Düsseldorf, 13 April 1932. „Morgen! Heeft u lust een zeereis van Düsseldorf naar Rome mee te maken? Een boot, die lading voor de Tiberstad inneemt, ligt hier aan de Heerdter Hafen gereed”. Een blik op den kalender bewijst, dat wij vandaag niet meer l April schrijven. Er schijnt dus in de vraag van mijn kennis toch iets waars te zitten. Op naar Heerdt. Daar ligt hij reeds, de „Flying Irishman” van de Rotterdammer reederij James. Een motorschip, zooals men er heden ten dage bij dozijnen op den Nederrijn ziet, en waarvan de reizen naar Engeland en de Oostzeehavens niets wereldschokkends meer zijn. Maar Düsseldorf—Romer dat is nog nooit gebeurd! De Düsseldorfer haven presteert met deze vrachtverzending iets geheel nieuws. Werfinspector Werner brengt ons spoedig in kennis met kapitein J. Tonkens uit Groningen, die bevel voert op dit fonkelnieuwe zeemotorschip, dat eerst in 1931 van stapel is geloopen. De boot heeft een buitengewoon sterken Dieselmotor van 320 P.K. aan boord, waardoor zij 9 a 10 zeemijlen per uur kan loopen. Tegen den Rijnstroom op maakt de „Flying Irishman" nog altijd 12 kilometer per uur, dus een snelheid, die zich kan laten zien. Kapitein Tonkens is dan ook erg trotsch op den in Duitschland gebouwden zes cylinder Diesel- motor en heeft geen rust voordat wij in de machinekamer zijn gegaan en daar met belangstelling hebben rondgekeken.

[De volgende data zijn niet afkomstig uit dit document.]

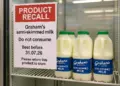 Milk recall issued by Graham's Family Dairy over antibiotic concerns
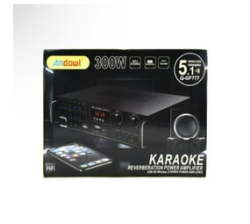 Andowl 300W 5.1 Bluetooth Amplifier USB Fm MP3 Karaoke Function Remote Control Q-GF777
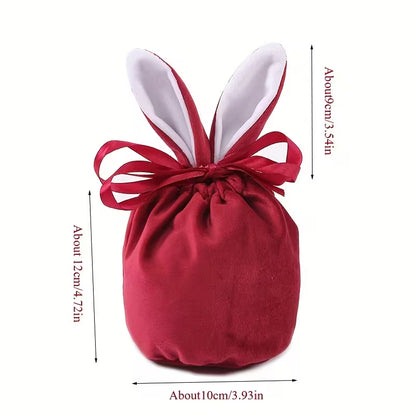 Påskepose med kaninører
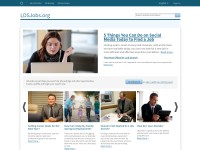 Desktop screenshot for ldsjobs.org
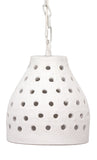 Jamie Young Co. Porous Pendant 5PORO-MDWH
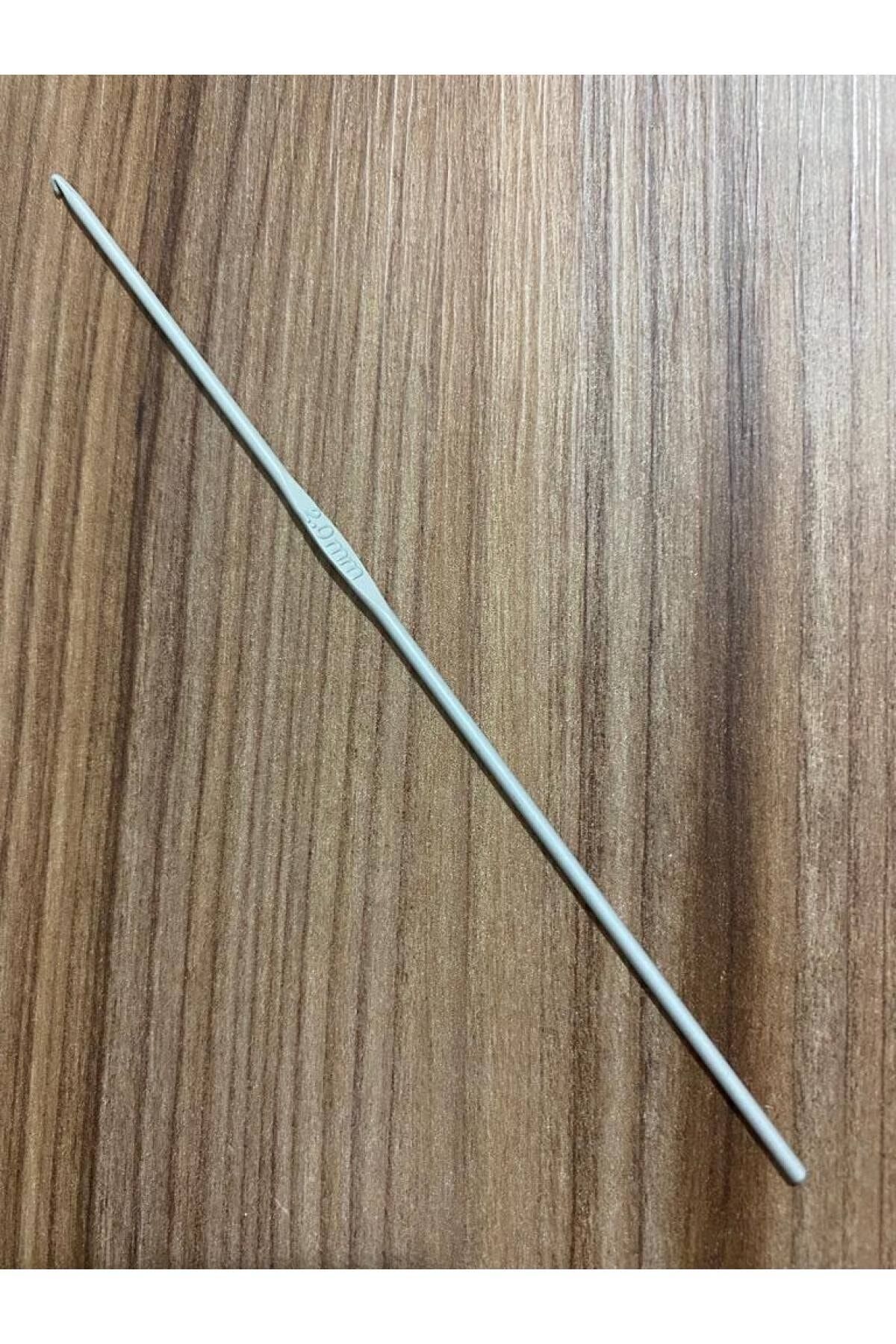 Patik Çorap Kısa Tunus Örgü Şiş Başlıksız 15cm.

De Kapitein vertelt: „Dat had ik ook niet gedacht, dat ik nog eens op een boot als deze zou staan, want ik heb patent voor de groote vaart en had nog tot voor enkele maanden een ordentelijke stoomer onder mijn voeten. Maar de gezamenlijke 12 booten van mijn oude reederij zijn nu opgelegd. Ook wij in Nederland ondervinden sterk de wereld-crisis en in het bijzonder die van Duitschland. Maar ik ben met mijn lot heelemaal tevreden. De boot hier is heel goed en de reizen zijn rijk aan afwisseling; als de vrachten nu maar niet zoo slecht waren! „Ik heb voor de vaart van Düsseldorf naar Rotterdam een dag noodig. Morgenavond lig ik dus onder de Boompjes in Rotterdam. Daar nemen we olie in, 16 ton, genoeg voor de reis naar Rome. Wanneer het goed gaat, en we niet door storm worden opgehouden, dan zijn wij komenden Donderdag in Rome, of liever in Fiumicino, de er het dichtst bij liggende zeehaven. Ik wil probeeren het Tiberkanaal op te varen, maar meestal moet daar te weinig water staan. Ik heb voor mijn boot goed tien voet water noodig en de troostrijke verzekering van onzen Nederlandschen consul, dat er altijd goed twee voet water in het Tiberkanaal staan, stemt niet hoopvol. Als 't niet gaat moet ik mijn Düsseldorfer sjamotte-steenen in Fiumicino lossen.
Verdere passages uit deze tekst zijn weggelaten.